(Caption-style text data)
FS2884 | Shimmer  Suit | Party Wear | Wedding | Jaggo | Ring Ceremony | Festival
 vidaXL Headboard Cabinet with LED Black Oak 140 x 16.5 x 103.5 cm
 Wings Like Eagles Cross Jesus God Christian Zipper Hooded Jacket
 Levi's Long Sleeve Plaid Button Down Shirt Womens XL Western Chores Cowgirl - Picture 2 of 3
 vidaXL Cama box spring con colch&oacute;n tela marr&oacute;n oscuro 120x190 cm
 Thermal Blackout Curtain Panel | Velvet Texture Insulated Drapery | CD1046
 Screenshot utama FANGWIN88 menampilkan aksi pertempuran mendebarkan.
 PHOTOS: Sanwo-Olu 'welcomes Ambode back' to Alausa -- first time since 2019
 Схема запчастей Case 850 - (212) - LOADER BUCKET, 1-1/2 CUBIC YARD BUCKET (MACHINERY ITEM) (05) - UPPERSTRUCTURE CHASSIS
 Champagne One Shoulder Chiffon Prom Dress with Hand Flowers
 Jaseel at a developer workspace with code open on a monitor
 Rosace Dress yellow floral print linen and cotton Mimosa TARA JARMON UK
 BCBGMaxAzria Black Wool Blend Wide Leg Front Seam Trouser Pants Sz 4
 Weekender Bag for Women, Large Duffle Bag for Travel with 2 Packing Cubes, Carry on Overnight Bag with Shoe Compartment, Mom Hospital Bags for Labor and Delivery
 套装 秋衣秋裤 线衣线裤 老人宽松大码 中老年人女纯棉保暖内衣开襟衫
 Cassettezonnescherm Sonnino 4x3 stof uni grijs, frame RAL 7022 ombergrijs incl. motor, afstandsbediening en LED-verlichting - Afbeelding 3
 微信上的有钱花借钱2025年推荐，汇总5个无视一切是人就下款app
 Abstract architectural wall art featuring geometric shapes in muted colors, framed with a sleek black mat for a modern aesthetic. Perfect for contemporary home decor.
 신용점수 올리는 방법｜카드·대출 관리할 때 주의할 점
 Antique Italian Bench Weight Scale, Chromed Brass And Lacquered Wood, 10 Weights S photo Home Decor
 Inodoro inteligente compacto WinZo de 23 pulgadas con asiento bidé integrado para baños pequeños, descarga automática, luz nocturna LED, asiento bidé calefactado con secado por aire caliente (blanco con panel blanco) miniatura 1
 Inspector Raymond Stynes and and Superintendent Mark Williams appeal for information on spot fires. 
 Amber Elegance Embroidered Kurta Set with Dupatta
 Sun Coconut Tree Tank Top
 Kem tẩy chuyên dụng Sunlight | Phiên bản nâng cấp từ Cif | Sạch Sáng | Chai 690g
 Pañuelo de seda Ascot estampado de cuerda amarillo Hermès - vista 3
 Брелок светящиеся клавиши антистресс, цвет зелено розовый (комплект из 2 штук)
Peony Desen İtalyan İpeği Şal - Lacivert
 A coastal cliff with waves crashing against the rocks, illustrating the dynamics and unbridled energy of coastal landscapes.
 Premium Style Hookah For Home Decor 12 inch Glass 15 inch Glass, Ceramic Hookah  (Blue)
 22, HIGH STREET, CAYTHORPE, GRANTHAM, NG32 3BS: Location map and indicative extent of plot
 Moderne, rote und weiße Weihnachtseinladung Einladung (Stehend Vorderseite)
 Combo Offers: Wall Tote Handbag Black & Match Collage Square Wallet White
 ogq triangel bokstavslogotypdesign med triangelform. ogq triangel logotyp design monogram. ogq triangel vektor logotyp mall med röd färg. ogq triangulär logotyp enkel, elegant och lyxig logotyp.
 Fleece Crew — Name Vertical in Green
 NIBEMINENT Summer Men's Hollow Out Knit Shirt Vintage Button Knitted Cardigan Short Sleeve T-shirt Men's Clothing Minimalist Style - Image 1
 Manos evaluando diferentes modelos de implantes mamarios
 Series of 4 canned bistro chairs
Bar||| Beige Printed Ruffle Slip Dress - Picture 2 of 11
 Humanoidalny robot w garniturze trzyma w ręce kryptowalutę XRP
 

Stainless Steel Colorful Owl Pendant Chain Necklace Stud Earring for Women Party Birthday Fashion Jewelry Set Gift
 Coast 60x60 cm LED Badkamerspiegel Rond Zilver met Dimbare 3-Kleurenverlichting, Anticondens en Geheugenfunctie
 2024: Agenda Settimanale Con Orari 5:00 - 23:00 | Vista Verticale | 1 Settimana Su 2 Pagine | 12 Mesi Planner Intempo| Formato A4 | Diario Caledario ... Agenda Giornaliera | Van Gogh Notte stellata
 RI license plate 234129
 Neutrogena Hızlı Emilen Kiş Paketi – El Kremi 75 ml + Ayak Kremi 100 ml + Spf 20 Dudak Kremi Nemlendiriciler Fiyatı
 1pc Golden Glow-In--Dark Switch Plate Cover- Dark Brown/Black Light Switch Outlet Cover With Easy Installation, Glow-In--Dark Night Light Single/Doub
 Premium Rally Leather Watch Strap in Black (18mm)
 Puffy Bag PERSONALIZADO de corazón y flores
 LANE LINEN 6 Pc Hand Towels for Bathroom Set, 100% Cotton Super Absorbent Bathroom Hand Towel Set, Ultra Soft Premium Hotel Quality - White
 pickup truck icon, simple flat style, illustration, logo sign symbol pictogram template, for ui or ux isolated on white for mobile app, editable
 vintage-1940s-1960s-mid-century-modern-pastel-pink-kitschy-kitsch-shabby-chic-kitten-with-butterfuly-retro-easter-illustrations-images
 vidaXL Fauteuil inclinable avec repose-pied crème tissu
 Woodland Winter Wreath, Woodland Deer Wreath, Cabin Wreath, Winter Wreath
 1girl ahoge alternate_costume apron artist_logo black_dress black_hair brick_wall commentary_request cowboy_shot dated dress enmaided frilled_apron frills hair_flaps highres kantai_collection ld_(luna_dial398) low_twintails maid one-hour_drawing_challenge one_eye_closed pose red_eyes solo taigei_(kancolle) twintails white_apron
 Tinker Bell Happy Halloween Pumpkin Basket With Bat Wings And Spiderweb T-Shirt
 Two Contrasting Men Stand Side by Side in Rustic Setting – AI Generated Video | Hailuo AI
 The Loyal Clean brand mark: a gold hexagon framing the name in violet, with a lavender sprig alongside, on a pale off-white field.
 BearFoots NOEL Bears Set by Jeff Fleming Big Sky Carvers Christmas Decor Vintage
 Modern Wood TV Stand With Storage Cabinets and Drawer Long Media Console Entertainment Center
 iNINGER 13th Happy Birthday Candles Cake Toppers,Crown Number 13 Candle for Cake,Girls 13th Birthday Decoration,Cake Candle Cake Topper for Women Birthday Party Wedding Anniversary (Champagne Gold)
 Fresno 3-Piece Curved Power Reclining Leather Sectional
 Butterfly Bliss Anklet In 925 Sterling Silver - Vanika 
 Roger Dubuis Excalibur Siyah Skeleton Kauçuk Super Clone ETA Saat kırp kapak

[Task] The required output is the exact run of lines from the one with "Fresno 3-Piece Curved" through the final line of the entries.

[Response]
 Fresno 3-Piece Curved Power Reclining Leather Sectional
 Butterfly Bliss Anklet In 925 Sterling Silver - Vanika 
 Roger Dubuis Excalibur Siyah Skeleton Kauçuk Super Clone ETA Saat kırp kapak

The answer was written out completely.